L’unica cosa quasi certa, dopo il voto di domenica in Argentina, è che dal prossimo 19 novembre – data del ballottaggio – il Paese avrà un presidente italiano. Italiano non “di discendenza”, ma di fatto, avendo in tasca Sergio Massa (attualmente il grande favorito) il nostro passaporto e relativa cittadinanza. Un Paese in cui il cambio del dollaro varia da 368 a 1.100 pesos a seconda che si consideri quello ufficiale o quello “nero” (peraltro pubblicato sui giornali) e un cambio ufficiale con l’euro crollato del 50% in quattro mesi sottolinea una innegabile verità: ancora una volta l’Argentina è sulla soglia del baratro finanziario, con l’ennesimo fallimento pubblico in vista.

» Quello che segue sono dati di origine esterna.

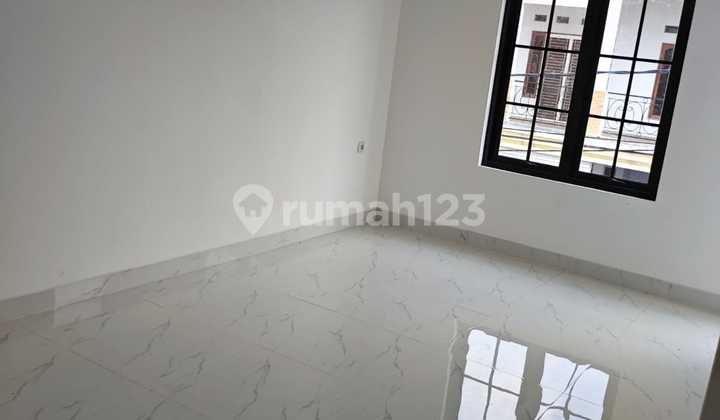 Rumah Siap Huni Di Regency Melati Mas Dekat Wtc Matahari Serpong 2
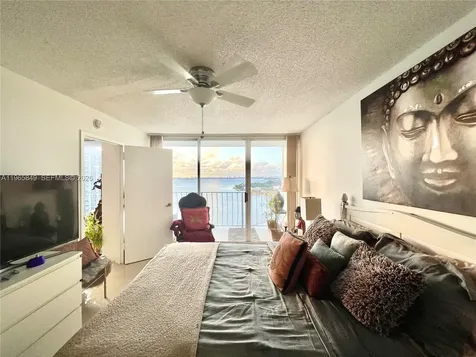 7601 E Treasure Drive North Bay Village FL 33141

Difficile che Massa abbia davvero la possibilità e la volontà di risolvere le cose, visto che è l’attuale ministro delle Finanze ed è quindi corresponsabile del disastro generale ma, considerato che il suo antagonista al ballottaggio sarà quel Javier Milei che da noi sarebbe subito etichettato come grillino populista, forse sarà alla fine il minore dei mali davanti al caos in cui potrebbe sprofondare il Paese.  Milei si è presentato come leader del “partito motosega” (inteso come chi vorrebbe tagliare corruzione e privilegi) raccogliendo quasi il 30% di voti tra gli argentini delusi, ma senza dare alternative credibili e limitandosi a slogan roboanti.



Un quarto dell’elettorato sperava piuttosto in Patricia Bullrich, che all’inizio era data per favorita, ma alla fine – man mano che crescevano le quotazioni di Massa – ecco che il potere economico e politico le si è progressivamente allontanato virando verso di lui alla ricerca di benemerenze e vantaggi futuri. Alla fine la Bullrich – che da noi avrebbe potuto essere considerata come una candidata seria, moderata, di centro destra – con il 23,83% dei voti è rimasta esclusa dal secondo turno, mentre Massa ora è nettamente favorito, ma si trova come supporter degli ingombranti compagni viaggio, personaggi che in fondo tutto vogliono salvo che cambino le cose.



Entrambi peronisti (ma il termine è diventato come l’antifascismo italiano: lo sono quasi tutti) la Bullrich e Massa erano sostanzialmente intercambiabili nei programmi ma, al netto della demagogia, entrambi non sembravano e non sembrano capaci di voler veramente dare un taglio a quei privilegi su cui si basa la politica argentina, sia per chi detiene il potere, sia per la sterminata massa di beneficiati che in definitiva vivono proprio di questo. Forse la Bullrich poteva dare qualche possibilità maggiore di cambiamento (per esempio ha accennato alla necessità di tagli e risanamento nella spesa pubblica) e non è un caso che alla fine sia stata l’effettiva perdente tra i favoriti della vigilia. Tutto ciò perché, nonostante tutto sembri negativo, in Argentina metà Paese vive appunto tra sussidi ed elargizioni varie e – francamente – non sembra avere molta voglia di fare sacrifici.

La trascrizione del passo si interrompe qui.